Why U.S. is unable to reduce ambitions in Korean Peninsula
Bobby Naderi


Editor's note: Bobby Naderi is a London-based journalist, guest contributor in print, radio and television, and documentary filmmaker. The article reflects the author's opinions, and not necessarily the views of CGTN.

The usual suspects, principally the military-industrial complex and mainstream media, continue to bombard the international civil society with fake news and reports about the Democratic People's Republic of Korea (DPRK), with barely a mention in their assaultive reporting of how the U.S. might be the main culprit behind the instability and insecurity in the Korean Peninsula.

To get the idea, the mainstream media refuse to acknowledge that many remedies have been proposed by China and other members of the international community to end the hostility or that war-party Washington, in its drive for global domination, has rejected all of them. The military-industrial complex, for its part, has wasted no time in accusing the DPRK of being to blame for the current impasse, demanding that Pyongyang stop isolating itself.

It seems hard to believe that this callous evaluation is not by design. Unfortunately, mainstream media refused to promote and seize the critical opportunities at hand to encourage the U.S. to sign a peace treaty and lift the cruel and harmful travel ban and sanctions on the well-being of the Korean people and separated families.

If you let your inner journalist report the story in progress, you'll be amazed at the results. The story is not just "what if!" It's "what if, and what's more!" The U.S. has already asked the UN Security Council to meet behind closed doors over the DPRK's recent launch of a middle-range ballistic missile, with UN Secretary-General Antonio Guterres urging Pyongyang "to desist from taking any further counter-productive actions."
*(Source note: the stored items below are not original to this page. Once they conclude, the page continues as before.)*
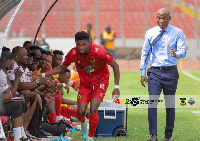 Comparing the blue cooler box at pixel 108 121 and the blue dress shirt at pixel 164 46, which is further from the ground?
the blue dress shirt at pixel 164 46

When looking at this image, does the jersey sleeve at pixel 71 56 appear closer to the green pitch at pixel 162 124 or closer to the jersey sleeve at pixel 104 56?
the jersey sleeve at pixel 104 56

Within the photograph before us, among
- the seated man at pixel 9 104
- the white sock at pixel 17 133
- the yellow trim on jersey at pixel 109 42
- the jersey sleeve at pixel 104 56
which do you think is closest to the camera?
the seated man at pixel 9 104

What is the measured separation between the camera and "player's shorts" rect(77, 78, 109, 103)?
314 inches

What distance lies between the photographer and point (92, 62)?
772 cm

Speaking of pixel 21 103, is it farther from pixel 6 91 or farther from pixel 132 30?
pixel 132 30

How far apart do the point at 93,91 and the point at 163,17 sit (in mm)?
1571

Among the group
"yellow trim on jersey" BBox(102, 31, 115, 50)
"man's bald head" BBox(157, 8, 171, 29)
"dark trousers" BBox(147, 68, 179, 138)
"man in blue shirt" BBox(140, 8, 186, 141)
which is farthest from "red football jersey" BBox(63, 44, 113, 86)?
"yellow trim on jersey" BBox(102, 31, 115, 50)

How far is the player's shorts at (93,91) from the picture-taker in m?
7.97

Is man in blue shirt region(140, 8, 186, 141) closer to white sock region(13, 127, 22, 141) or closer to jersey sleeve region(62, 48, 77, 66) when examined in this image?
jersey sleeve region(62, 48, 77, 66)

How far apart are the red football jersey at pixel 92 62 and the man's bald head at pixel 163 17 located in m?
0.98

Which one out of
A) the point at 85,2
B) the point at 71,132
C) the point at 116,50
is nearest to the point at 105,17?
the point at 85,2

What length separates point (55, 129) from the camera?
28.3 feet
To evoke a world that is plausibly, vividly different from theirs in at least a couple of important ways, the DPRK is also subjected to UN sanctions, especially financial, which the Security Council has strengthened over the years in an effort to target funding for Pyongyang's nuclear and ballistic missile programs. China and Russia in January delayed a U.S. bid to place new UN sanctions on the DPRK. If only the world body had also stood on the right side of history.

Not to miss the "what's more" details, DPRK's missile launches are not designed to scupper diplomacy but should be interpreted as a demonstration of discontent toward Washington in view of the destructive path it has been taking. With Pyongyang clearly setting out its terms in the aftermath of failed diplomacy, its recent testing is a warning that if U.S. President Joe Biden is not prepared to offer flexibility in a Trump-style summit perhaps, then Pyongyang may go for bigger tests.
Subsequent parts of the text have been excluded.